**INPUT RECORDS**

BEGIN

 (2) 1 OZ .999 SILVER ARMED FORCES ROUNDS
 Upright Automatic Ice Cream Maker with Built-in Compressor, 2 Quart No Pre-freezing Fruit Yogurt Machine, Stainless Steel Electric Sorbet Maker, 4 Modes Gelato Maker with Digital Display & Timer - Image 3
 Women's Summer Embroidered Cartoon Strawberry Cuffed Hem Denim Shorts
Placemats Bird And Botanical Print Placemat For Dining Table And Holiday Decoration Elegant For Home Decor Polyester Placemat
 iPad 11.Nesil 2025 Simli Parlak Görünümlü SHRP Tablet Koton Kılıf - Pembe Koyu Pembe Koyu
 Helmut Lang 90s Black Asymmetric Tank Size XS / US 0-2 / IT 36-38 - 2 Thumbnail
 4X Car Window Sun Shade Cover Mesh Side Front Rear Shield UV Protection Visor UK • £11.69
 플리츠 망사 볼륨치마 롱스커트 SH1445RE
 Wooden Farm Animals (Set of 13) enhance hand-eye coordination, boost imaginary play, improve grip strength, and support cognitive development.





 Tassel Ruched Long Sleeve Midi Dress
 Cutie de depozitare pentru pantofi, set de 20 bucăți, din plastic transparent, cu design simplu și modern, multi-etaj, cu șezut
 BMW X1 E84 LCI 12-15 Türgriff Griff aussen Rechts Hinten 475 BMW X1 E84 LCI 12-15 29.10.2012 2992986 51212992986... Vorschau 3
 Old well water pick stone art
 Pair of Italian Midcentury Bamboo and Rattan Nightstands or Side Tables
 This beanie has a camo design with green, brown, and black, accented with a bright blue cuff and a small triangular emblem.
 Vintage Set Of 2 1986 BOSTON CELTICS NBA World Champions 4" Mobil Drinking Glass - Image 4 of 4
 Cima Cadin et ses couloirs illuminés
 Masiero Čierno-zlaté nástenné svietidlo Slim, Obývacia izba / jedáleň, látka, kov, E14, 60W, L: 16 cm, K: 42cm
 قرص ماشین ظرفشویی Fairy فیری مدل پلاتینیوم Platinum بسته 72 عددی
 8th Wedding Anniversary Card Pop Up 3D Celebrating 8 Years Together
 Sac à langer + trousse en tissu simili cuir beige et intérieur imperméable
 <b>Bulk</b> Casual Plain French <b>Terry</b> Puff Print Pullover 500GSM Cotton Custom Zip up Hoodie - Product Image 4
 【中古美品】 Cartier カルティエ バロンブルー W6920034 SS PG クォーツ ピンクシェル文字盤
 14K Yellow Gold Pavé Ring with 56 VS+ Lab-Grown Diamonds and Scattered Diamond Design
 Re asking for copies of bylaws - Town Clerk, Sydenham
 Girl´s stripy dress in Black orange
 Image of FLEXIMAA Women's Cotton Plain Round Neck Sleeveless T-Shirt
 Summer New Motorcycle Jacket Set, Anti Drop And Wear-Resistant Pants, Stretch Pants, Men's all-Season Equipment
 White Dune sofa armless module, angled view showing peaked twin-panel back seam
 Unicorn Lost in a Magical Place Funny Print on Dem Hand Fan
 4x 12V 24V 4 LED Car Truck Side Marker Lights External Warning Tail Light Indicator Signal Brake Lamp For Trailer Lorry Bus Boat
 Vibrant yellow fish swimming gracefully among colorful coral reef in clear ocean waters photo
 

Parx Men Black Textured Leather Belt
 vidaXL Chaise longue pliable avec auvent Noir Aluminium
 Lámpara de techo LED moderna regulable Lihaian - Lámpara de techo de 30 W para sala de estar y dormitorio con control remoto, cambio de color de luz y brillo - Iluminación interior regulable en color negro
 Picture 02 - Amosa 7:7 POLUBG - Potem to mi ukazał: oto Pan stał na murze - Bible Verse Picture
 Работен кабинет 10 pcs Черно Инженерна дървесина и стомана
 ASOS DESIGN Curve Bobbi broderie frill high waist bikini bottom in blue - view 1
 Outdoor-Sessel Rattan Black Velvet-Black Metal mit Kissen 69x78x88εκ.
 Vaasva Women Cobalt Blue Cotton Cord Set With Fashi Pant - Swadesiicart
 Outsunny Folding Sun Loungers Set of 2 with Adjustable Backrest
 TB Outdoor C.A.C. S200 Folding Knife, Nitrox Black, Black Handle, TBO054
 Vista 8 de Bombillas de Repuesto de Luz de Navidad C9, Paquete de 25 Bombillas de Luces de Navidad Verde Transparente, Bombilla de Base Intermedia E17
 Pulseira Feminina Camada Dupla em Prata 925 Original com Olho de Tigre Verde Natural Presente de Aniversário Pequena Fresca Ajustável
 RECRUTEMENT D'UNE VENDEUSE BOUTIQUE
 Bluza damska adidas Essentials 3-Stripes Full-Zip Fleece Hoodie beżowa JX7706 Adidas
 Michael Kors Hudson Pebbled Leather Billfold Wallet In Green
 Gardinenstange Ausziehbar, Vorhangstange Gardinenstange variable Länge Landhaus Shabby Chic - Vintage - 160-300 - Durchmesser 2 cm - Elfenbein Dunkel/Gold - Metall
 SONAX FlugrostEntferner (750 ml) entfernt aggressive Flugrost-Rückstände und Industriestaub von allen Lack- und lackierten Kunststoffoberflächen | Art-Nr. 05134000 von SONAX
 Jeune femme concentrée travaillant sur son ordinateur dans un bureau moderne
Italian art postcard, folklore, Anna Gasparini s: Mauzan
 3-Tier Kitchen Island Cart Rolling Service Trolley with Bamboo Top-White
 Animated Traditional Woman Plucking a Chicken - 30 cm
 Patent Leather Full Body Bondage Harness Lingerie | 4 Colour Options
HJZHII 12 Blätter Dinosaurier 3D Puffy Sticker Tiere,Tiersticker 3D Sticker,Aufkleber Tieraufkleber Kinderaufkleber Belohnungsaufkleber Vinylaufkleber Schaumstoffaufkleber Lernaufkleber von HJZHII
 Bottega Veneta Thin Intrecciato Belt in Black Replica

END

**GOAL OF THE EXERCISE**
State how many lines above contain the string "Verde", with no other words.

**ANSWER FOR THE TASK**
2